REQUIREMENT
Beginning at the line containing "Personnages dans une", give again every line through the end of the data, unchanged and with both ends included. Drop any pictures.

SUPPLIED INFORMATION
---

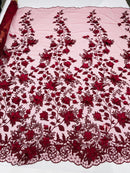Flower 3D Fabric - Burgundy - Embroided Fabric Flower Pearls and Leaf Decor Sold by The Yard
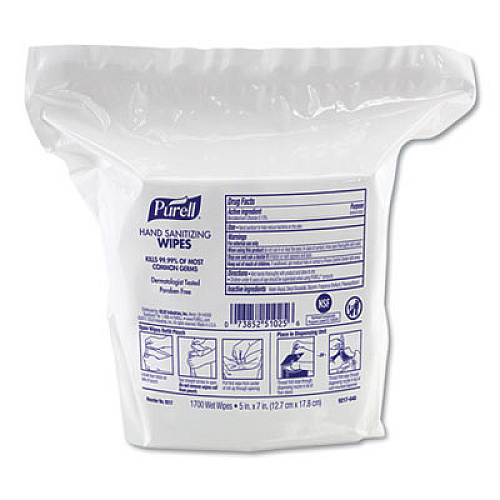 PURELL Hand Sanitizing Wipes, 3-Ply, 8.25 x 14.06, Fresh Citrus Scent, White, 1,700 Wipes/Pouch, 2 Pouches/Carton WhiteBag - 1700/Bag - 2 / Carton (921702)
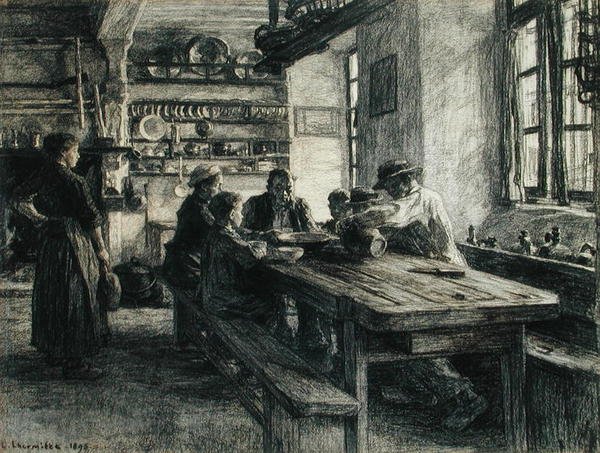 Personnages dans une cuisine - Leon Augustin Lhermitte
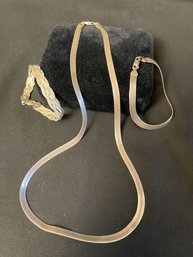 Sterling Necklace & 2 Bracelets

---

TASK RESULT
 Personnages dans une cuisine - Leon Augustin Lhermitte
 Sterling Necklace & 2 Bracelets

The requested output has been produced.